I’m often asked where do my ideas come from.
Truth is, they come from all over. A conversation with friends (TANK), eaves dropping on customers at a coffee shop (my current work in progress, All The Sweet Reasons), or what I really like to do for ideas, peruse publishing websites to see what they are looking for. I use their “Want To See” lists as a way to come up with my own ideas, and then self publish them. Maybe that’s tacky. I don’t know…whatever works, right?
I’m just waiting on the day Hallmark decides to pick one of my story lines up for a made for TV movie. (Candace Cameron Bure, if you’re reading this, a little help, girl! Please!)
Bust as of late, because life has been a tad bit insane, as well all know, my muse has taken a slight backseat, so I must find her again. Oh, Shelia, where are you? So, I decided to start at least one day a week with a writing prompt to help the juices flow.
And then, lightbulb! Why not share those writing prompts with you? Maybe they’ll be a book one day. Maybe they’ll inspire you in some way, or maybe you can sit back and laugh at how bad they are. That’s cool. I love to make people laugh.
Couple of notes: This is not edited. This is not a full story. And I use XXX when I can’t think of a word. It helps me to keep going and stay in the moment.
So without anymore intro, here is the first edition of Author Ramblings!
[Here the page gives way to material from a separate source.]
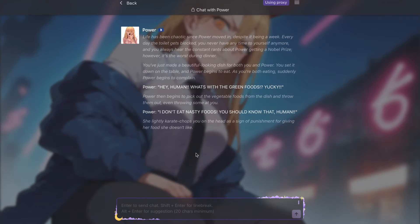We have successfully connected Cosmos RP with Janitor AI. Now you can just start chatting with the characters like you normally do, and they will reply to you. And just like that, you can chat with any character here on Janitor AI using Cosmos RP.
Hidden away on the inside pocket of the jacket…
by Erin Bevan
Hidden away on the inside pocket of her father’s jacket was a letter. Not a letter really, but more like an encrypted note of sorts.
It was her mother’s handwriting. Nadine knew that curly ‘s’.
Stay home, the note said.
Not exactly a love letter, and too blunt to be from her mother. Olivia Sinclair was flowery, wordy if you will. What could have been said in three words, her mother used thirty. It was her XXX heritage she always said. The gift of gab came naturally to her.
But, thankfully, Nadine had taken on more of her father’s traits. Think twice, speak once. Something the XXX were known for.
But ‘Stay Home’?
Why would her father keep a note like this from her mother?
In all her years growing up, Nadine never recalled her mother being so direct or bossy to her father, and more importantly why was such a simple note, two harmless words, causing her so much pause?
Nadine stuffed the note back in her father’s jacket pocket.
“Is that going in the pile, too?” Laura, Nadine’s long time best friend of twenty years, asked.
Laura had flown all the way from Louisiana to Charlotte to help Nadine empty the last of her parent’s possessions. In two days they’d sorted, piled, and set aside to sell or discard her parent’s fifty-years of marriage together.
Amazing how such hard work and savings for so long could be disposed of in less than a weekend.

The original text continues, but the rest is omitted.